From top to bottom, return the listing exactly as it appears, omitting its images.
--- DATA SECTION Enclosed Below ---
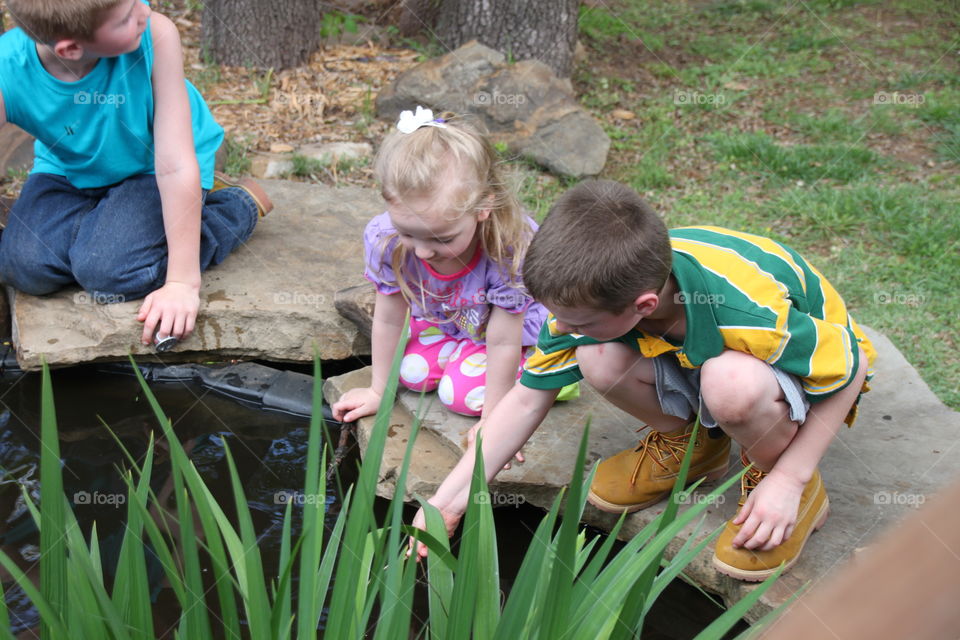 Kids and Koi Pond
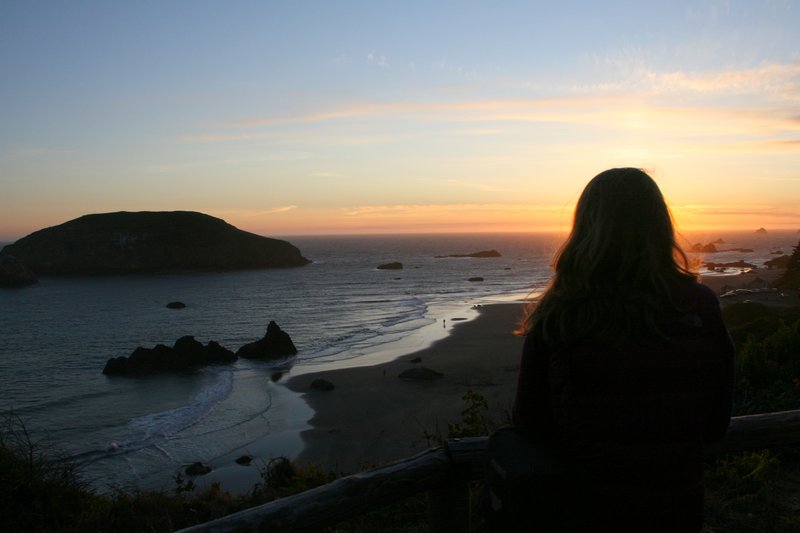 sunset at Harris beach state park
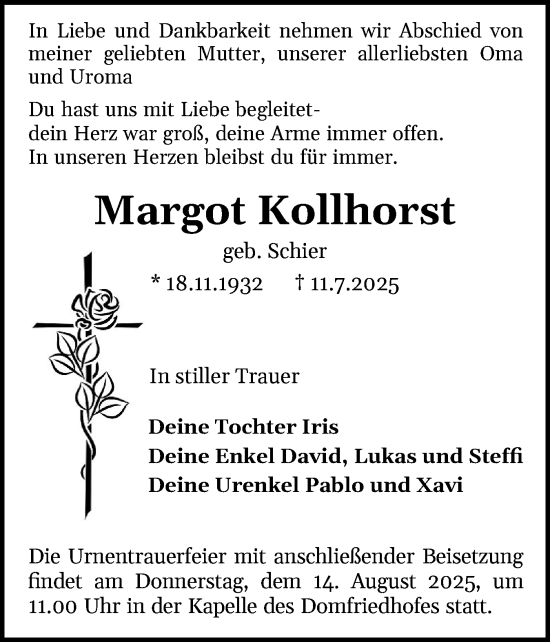 Traueranzeige von Margot Kollhorst von Schleswiger Nachrichten, Schlei-Bote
--- End of Enclosed DATA SECTION ---
→ **WRITTEN RESPONSE**:
 Kids and Koi Pond
 sunset at Harris beach state park
 Traueranzeige von Margot Kollhorst von Schleswiger Nachrichten, Schlei-Bote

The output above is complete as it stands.